Pulmonary atresia, intact ventricular septum, and Ebstein anomaly of the tricuspid valve. Anatomic and surgical considerations

G Stellin, F Santini, G Thiene, U Bortolotti, L Daliento, O Milanesi, C Sorbara, A Mazzucco and D Casarotto
Department of Cardiovascular Surgery, University of Padova Medical School, Italy.

Pulmonary atresia with intact ventricular septum is a disorder that involves the whole right ventricle. An associated Ebstein deformity of the tricuspid valve is found in 10% of the cases, further complicating the anatomy and the function of the right ventricle. From January 1966 to December 1990, pulmonary atresia, intact ventricular septum, and Ebstein deformity of the tricuspid valve were observed in 11 cases in our institution; four of them were necropsy findings and the remaining seven were patients treated surgically. Of the latter, two were boys and five were girls (age range 1 day to 18 days). Two patients were managed by pulmonary valvotomy, three by systemic-pulmonary artery shunt, and two had a combination of the two. Operative mortality was 57%. Eight hearts were available for morphologic study. All had viscero- atrial situs solitus, D-loop ventricular structure, and normally related great arteries. A correlation between the degree of tricuspid valve dysplasia and right ventricular cavity size was observed in all.
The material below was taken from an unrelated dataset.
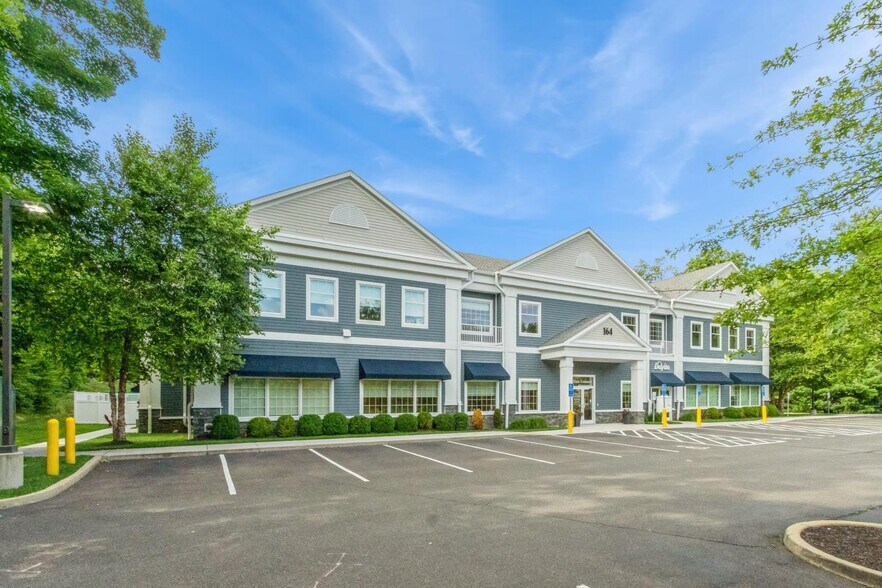 164 Mount Pleasant Rd, Newtown, CT à louer - Photo de l’immeuble – Image 3 sur 8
Furthermore, in five cases the anterior leaflet of the tricuspid valve obstructed the right ventricle at the ostium infundibuli level. In two of our surgical patients, a protruding anterior tricuspid valve leaflet was identified and excised and both patients survived. Ebstein anomaly of the tricuspid valve further complicates surgical management and outcome of pulmonary atresia and intact ventricular septum. Potential obstruction at the ostium infundibuli level should always be considered during repair. Various degrees of right ventricular inlet dysplasia, always present in this complex, may contraindicate an anatomic correction. In these cases a modified Fontan-type procedure should be considered as a valid surgical option.